Engineering

Why Most Computer-Use Agents Fail, and What Makes One Reliable

The benchmarks tell a confusing story. On OSWorld, the standard test for agents that operate a real computer, the best systems now score around 82% while well-known names sit down at 22 to 38%. Stanford's AI Index shows the field as a whole jumping from 12% to 66% task success in a year. Same technology, wildly different results. The spread is not random, and understanding it tells you almost everything about why some computer-use agents feel magical and others feel like a liability.

Here is what actually separates them.

Pixels versus structure

The first and biggest divide is how an agent perceives the screen.

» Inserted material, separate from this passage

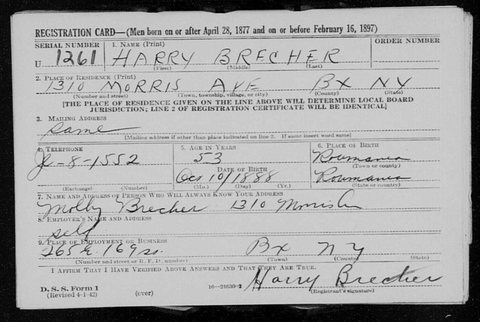 Harry Brecher's Second World War registration card, the Bronx, April 1942: aged 53, living at 1310 Morris Avenue with his wife Molly and run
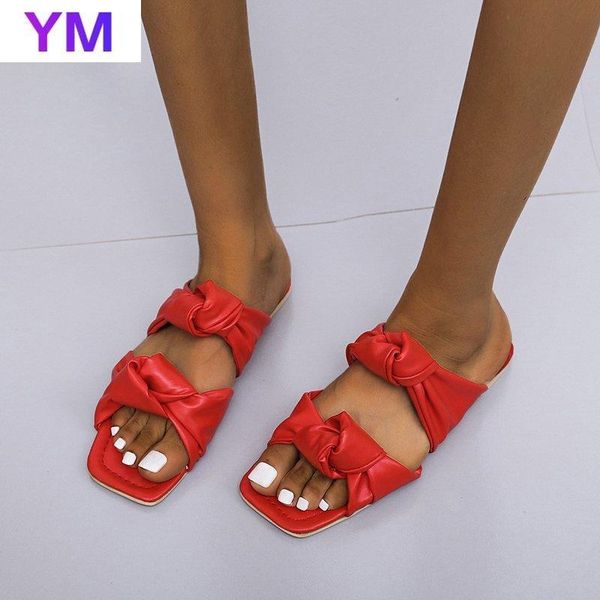 

black beige red women sandals summer casual beach shoes knot ladies fashion flats flip flops slides footwear 43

The naive approach is to take a screenshot, run it through a vision model, and ask "where should I click?" The model returns coordinates, the agent clicks there. This works in demos and falls apart in production, because it is guessing at pixels. The button moved twelve pixels after a window resize? Misclick. The screen is a slightly different resolution than the training data? Misclick. A tooltip is covering the target? Misclick. Vision-only agents are brittle for the same reason a person clicking with their eyes closed after memorizing the layout would be brittle.

The reliable approach reads the screen's actual structure. Every modern operating system exposes an accessibility tree, the same machinery screen readers use, which describes what is on screen as real objects: this is a button, it is labeled "Save", it is here, it is enabled. An agent that reads this tree targets the actual Save button by identity, not by guessing where Save happens to be painted. When the window resizes, the button is still the button. This single architectural choice accounts for a huge share of the benchmark gap. It is also why our own Desktop App reads the accessibility snapshot rather than just screenshotting and hoping.

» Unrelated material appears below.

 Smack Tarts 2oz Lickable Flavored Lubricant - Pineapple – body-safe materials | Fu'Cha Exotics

Screenshots still matter (some things genuinely are visual), but as a supplement, not the primary sense.

Brittle scripts versus adaptive planning

The second divide is what the agent does when reality does not match the plan.

A weaker agent effectively records a sequence: click here, type this, click there. It is RPA with an AI coat of paint, and it breaks the moment anything is out of order. A dialog you did not expect pops up, and the agent plows ahead clicking where step three was supposed to be.

A stronger agent re-checks the actual state of the screen before each action and decides the next step from what is really there, not from what it expected. Unexpected dialog? It reads it, deals with it, continues. This is the difference between following directions and actually navigating, and it is why adaptive agents survive the long-tail situations that benchmarks increasingly include and real work is full of.

The 34% is mostly the hard, dangerous part

When an agent scores 66%, it is tempting to round up to "basically works". The skeptics calling computer use overhyped have a point worth taking seriously: the remaining third is not evenly distributed. It clusters around exactly the tasks where a mistake is expensive, the multi-step flows, the irreversible actions, the ambiguous moments where the agent has to make a judgment call. The easy 66% is "rename these files". The hard 34% includes "submit the payment".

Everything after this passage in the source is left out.